How do you respond to strangers about your child's (or your own) autism?

I have been running into a scenario more frequently as my boys grow older and begin to stick out a bit more to people we see everyday.  The most frequent is the well meaning waitress or cashier who keeps trying to engage Beans in a conversation.  I feel that I have to say something, because he obviously isn't going to answer them, or even acknowledge their existence.  I have a feeling some know that he's different before speaking to him, but try to anyway.  I think they want to be nice by acknowledging him, but don't want to ask me why he's different.  I will eventually tell them that he's autistic and nonverbal.  They usually say something about how he's beautiful or cute.  I'm not sure if that's how I'd like people to respond, but then what IS the protocol for that situation?  What would be the proper thing to say? What is preferred by most parents of autistic kids?

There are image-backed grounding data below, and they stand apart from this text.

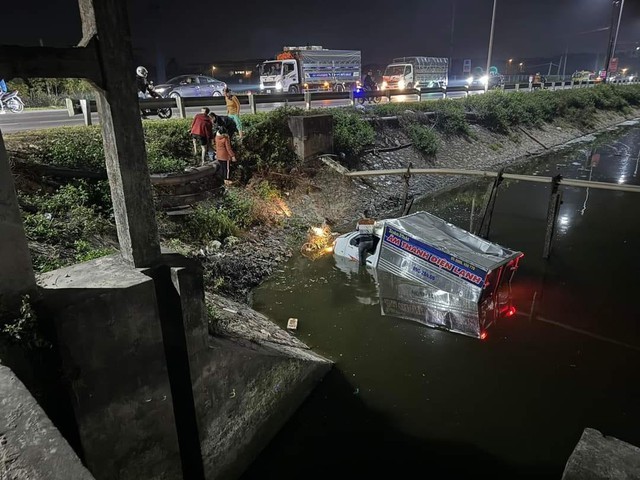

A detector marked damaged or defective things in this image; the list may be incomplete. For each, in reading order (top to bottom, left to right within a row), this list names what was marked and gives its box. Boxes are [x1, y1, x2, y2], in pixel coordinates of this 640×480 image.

overturned vehicle [332, 212, 524, 340]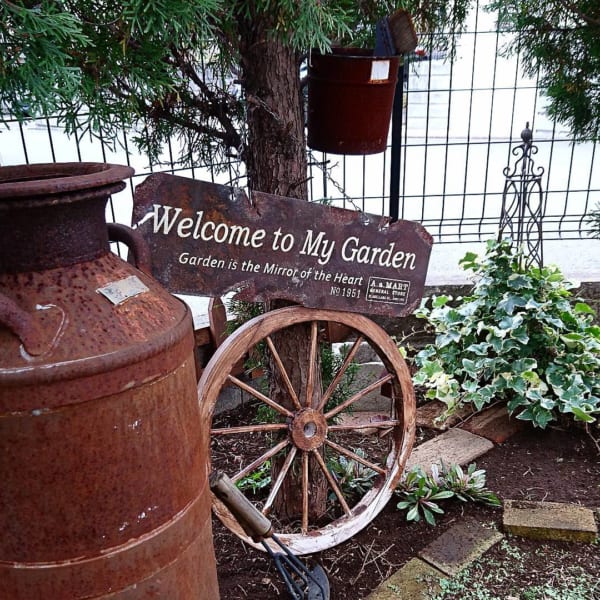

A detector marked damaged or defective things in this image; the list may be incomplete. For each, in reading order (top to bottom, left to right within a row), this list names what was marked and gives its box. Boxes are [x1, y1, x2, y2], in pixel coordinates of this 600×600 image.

rusty milk can [0, 162, 220, 596]
rusty metal pot [0, 163, 220, 600]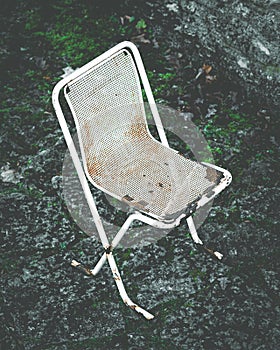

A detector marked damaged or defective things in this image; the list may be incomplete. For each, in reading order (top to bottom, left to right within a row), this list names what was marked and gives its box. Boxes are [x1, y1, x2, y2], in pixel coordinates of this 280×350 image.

rust stain [125, 117, 150, 140]
rusty white chair [52, 41, 232, 320]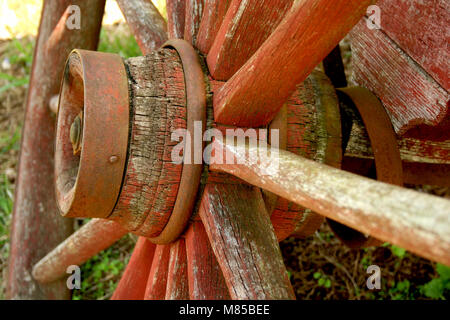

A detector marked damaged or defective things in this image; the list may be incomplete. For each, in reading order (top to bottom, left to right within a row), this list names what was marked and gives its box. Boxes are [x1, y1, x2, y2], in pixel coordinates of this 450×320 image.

rusty iron band [54, 50, 129, 219]
rusty metal hub cap [54, 50, 129, 219]
rusted metal ring [54, 50, 130, 219]
rusted metal ring [150, 40, 207, 245]
rusty iron band [151, 40, 207, 245]
rusted metal ring [326, 86, 404, 249]
rusty iron band [326, 86, 404, 249]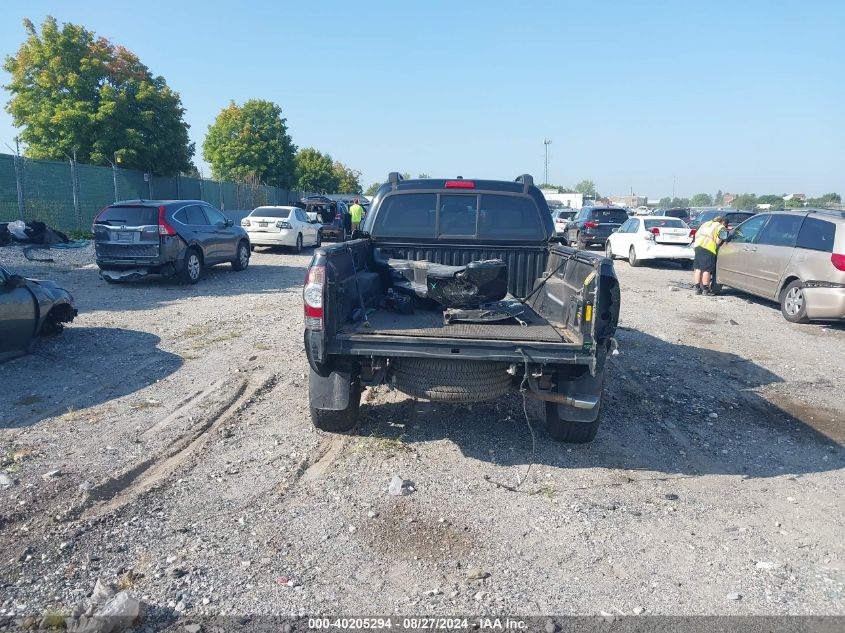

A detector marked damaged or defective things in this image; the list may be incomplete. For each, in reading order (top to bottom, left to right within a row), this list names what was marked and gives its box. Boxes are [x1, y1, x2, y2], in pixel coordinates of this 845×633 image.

damaged vehicle [0, 262, 77, 360]
damaged vehicle [94, 200, 251, 284]
damaged truck bed [300, 170, 616, 442]
damaged vehicle [304, 170, 620, 442]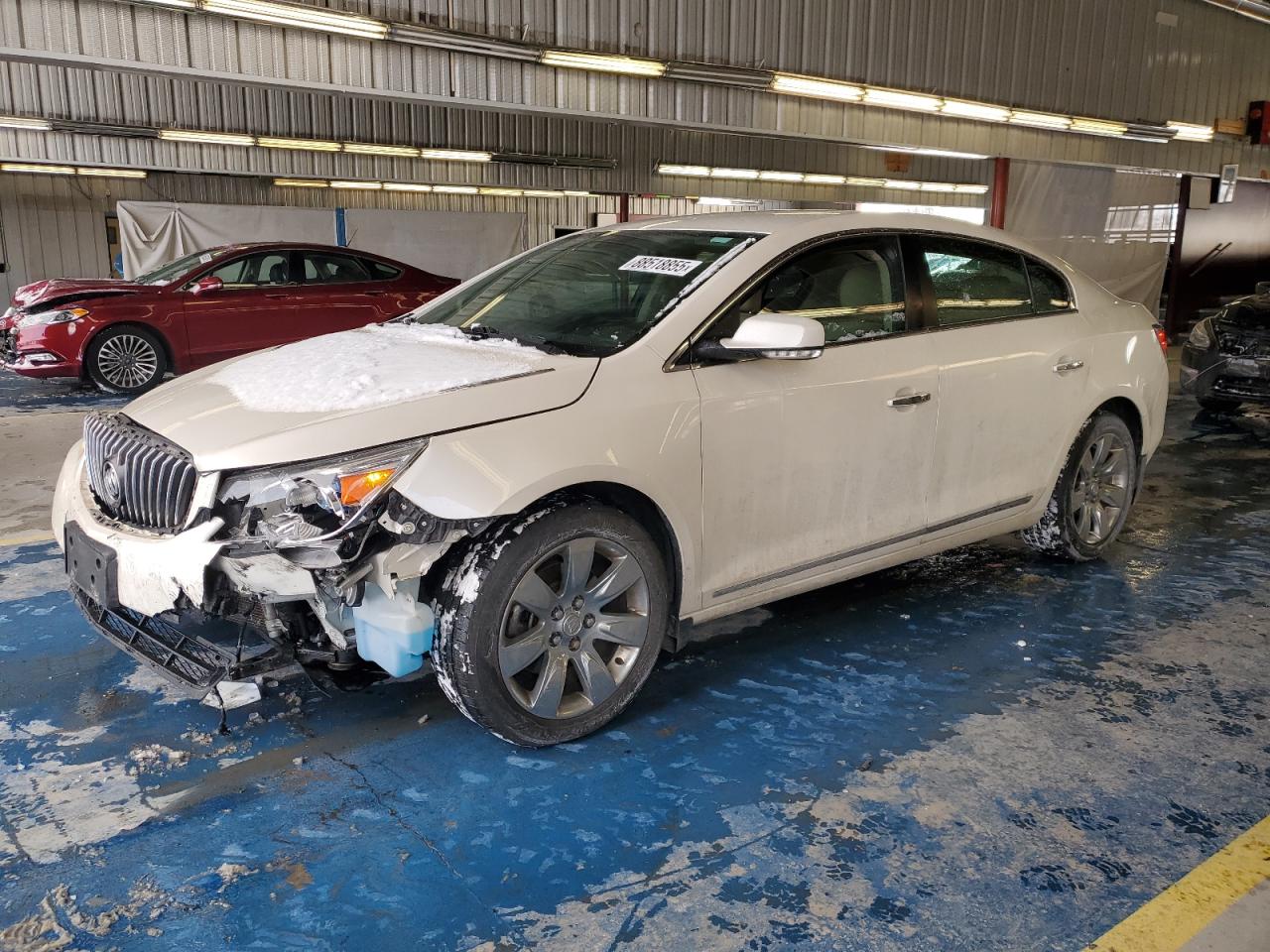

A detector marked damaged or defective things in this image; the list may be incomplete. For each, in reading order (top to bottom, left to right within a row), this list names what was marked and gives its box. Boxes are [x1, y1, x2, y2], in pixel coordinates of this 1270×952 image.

damaged front end [61, 416, 484, 700]
broken headlight [215, 438, 429, 547]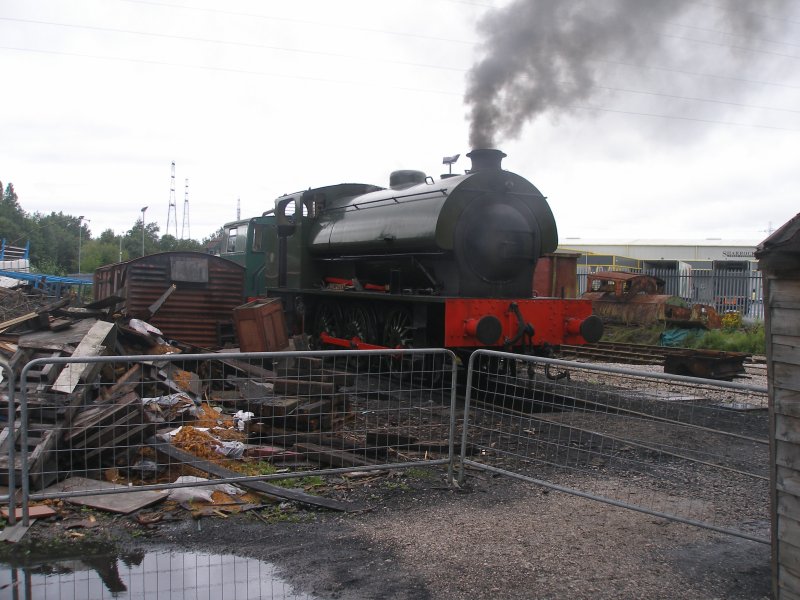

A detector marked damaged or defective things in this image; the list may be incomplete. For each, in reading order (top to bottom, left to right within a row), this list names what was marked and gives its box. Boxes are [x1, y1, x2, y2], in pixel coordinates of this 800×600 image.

rusty metal box [233, 298, 290, 352]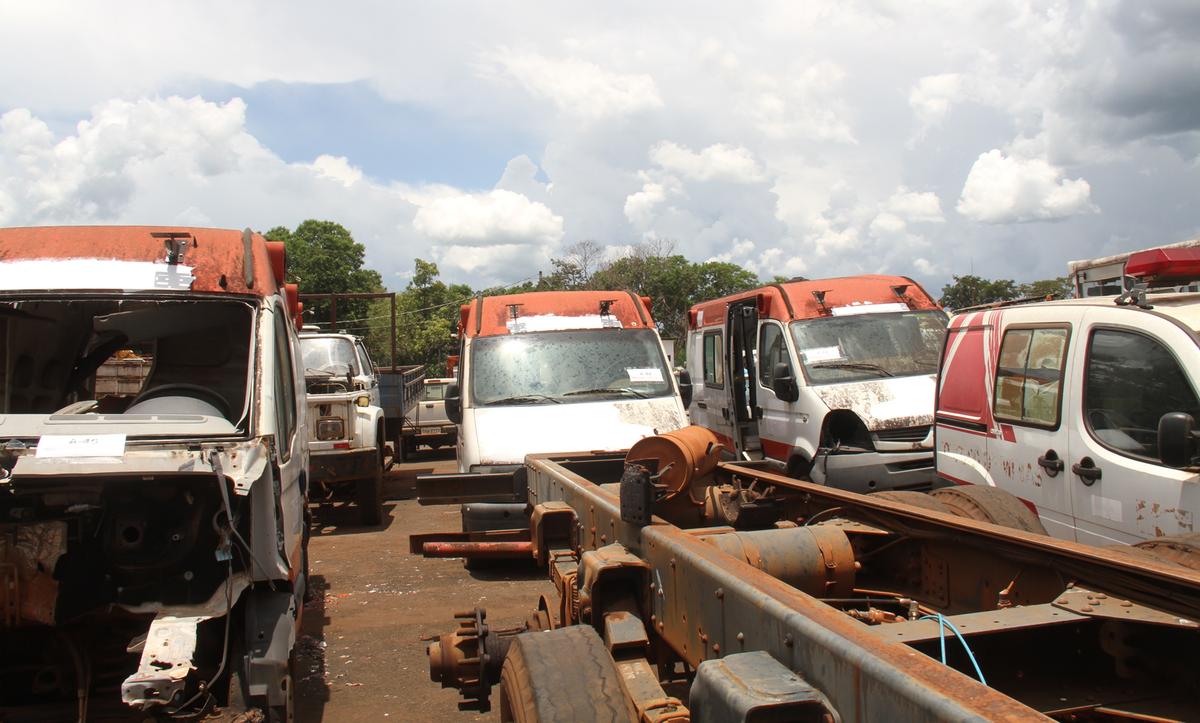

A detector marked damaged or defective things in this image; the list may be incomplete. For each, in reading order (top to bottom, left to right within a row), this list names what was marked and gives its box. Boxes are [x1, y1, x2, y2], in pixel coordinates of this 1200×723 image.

broken windshield [0, 296, 253, 432]
broken windshield [472, 330, 676, 404]
broken windshield [792, 310, 952, 384]
damaged van [0, 225, 308, 720]
rusted metal part [408, 528, 528, 556]
rusted metal part [422, 544, 536, 560]
rusted metal part [700, 528, 856, 600]
rusted vehicle frame [516, 456, 1200, 720]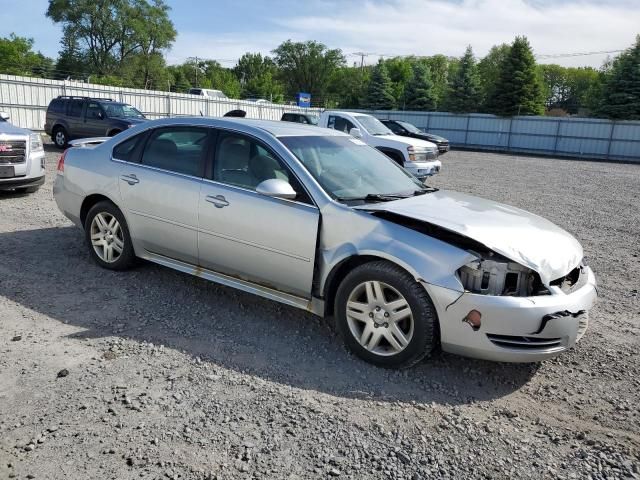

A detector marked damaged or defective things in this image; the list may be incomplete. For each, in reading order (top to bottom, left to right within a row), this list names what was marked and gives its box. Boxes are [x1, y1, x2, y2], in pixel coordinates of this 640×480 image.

I rarely say much about Bubby's autism.  He is verbal. Not fluently so and is often extremely inappropriate, but verbal enough to seem to not need an explanation to complete strangers. He also gets angry when I say anything about his differences, so I tend not to out of respect for him and his own preferences.

How do you respond to the awkward stranger encounter in regards to your child's autism and what is and isn't helpful reactions on the part of others?